With only housing data on the US docket for today, the potential for more quantitative easing as well as an S&P debt downgrade in the UK are acting as today’s most noteworthy market-moving factors.

GBPUSD was hammered in early European trading today when the release of the Bank of England (BoE) minutes revealed that the Monetary Policy Committee (MPC) vote on increasing QE saw margin rise to 6-3, indicating that UK monetary policymakers may be moving closer to additional quantitative easing. BoE Governor Mervyn King joined members Paul Fisher and David Miles in voting to increase QE by another GBP 25 billion, to GBP 400 billion.

The news instantly sent cable tumbling through the 1.5400 level and pushed all the way lower to 1.5305 by morning London trading as traders dumped the unit wholesale on fears of further devaluation by the BoE. The minutes showed that the Committee considered cutting rates, but noted that further monetary stimulus alone was insufficient in propping up demand.

The UK monetary officials are clearly frustrated by the lack of growth in the economy and appear to be running out of viable policy options. Data showed that in Q4 2012, the UK economy registered its third quarterly contraction since the credit crunch of 2008 and currently shows no signs of gaining traction.

Cable was further hurt by rumors that Standard & Poor’s (S&P) may downgrade UK sovereign debt. Last December, the agency affirmed the UK's AAA status but revised the outlook to negative. The ratings agency refused to confirm speculation that the UK rating may be lowered further, but the currency markets reacted nevertheless.

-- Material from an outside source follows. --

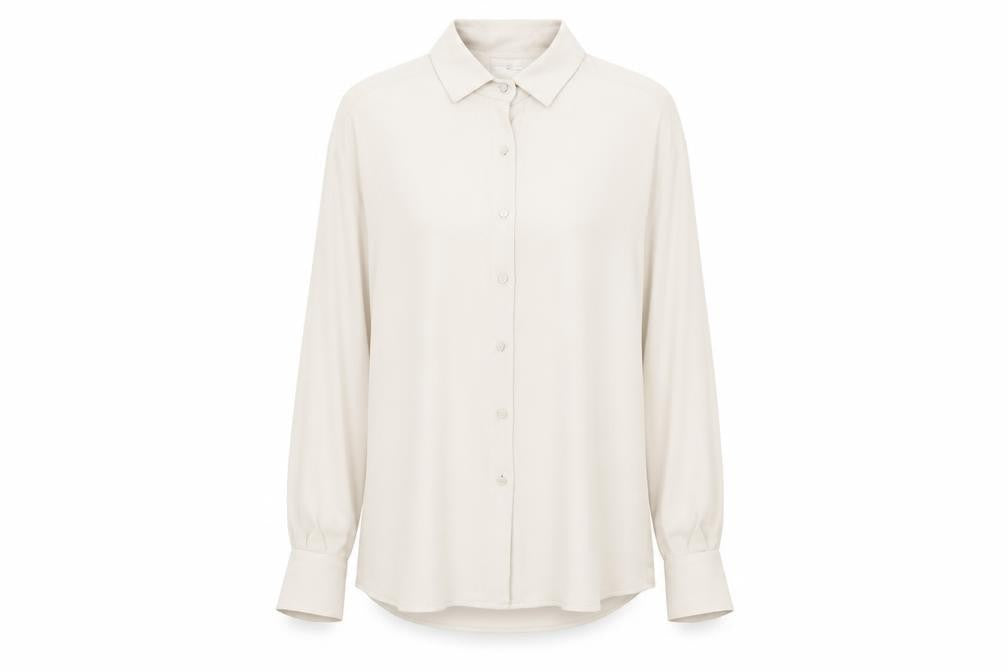Front view of Stills women’s ivory button-up shirt, size UK 10, long sleeve workwear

See also: New S&P Downgrade Rumors Rock EUR/GBP

So far, cable has been able to find bids ahead of the 1.5300 barrier, but the outlook for the pound remains extremely bearish with every rally now likely a selling opportunity, as sentiment will not shift until currency markets see some evidence of pick-up in UK economic activity.

In New Zealand, the kiwi was rocked for more than a penny after commentary from Reserve Bank of New Zealand (RBNZ) chief Graeme Wheeler suggested that the New Zealand dollar was overvalued and that the central bank stood ready to intervene, if necessary. Mr. Wheeler wanted investors to know that the kiwi was not a one-way bet, referring to the currency’s recent strength. The news helped push the unit to a low of 8377 after it suffered earlier losses on reports that China may have destroyed 100 kg of milk powder on fears that it was contaminated. The New Zealand Fonterra Corporation denied those reports, and the kiwi recovered.

Today's action, however, suggests that NZ monetary authorities are becoming increasingly sensitive to the strength of the exchange rate, especially as the kiwi nears the key 8500 level, and therefore, authorities may become more aggressive in their actions should the unit push higher through those levels.

In North America today, the data calendar is relatively light, with only housing data and PPI on the docket. USDJPY remains subdued in its 93.00-94.00 range, but if the housing numbers surprise to the upside, the pair could try to make another run at the 94.00 level as the day progresses.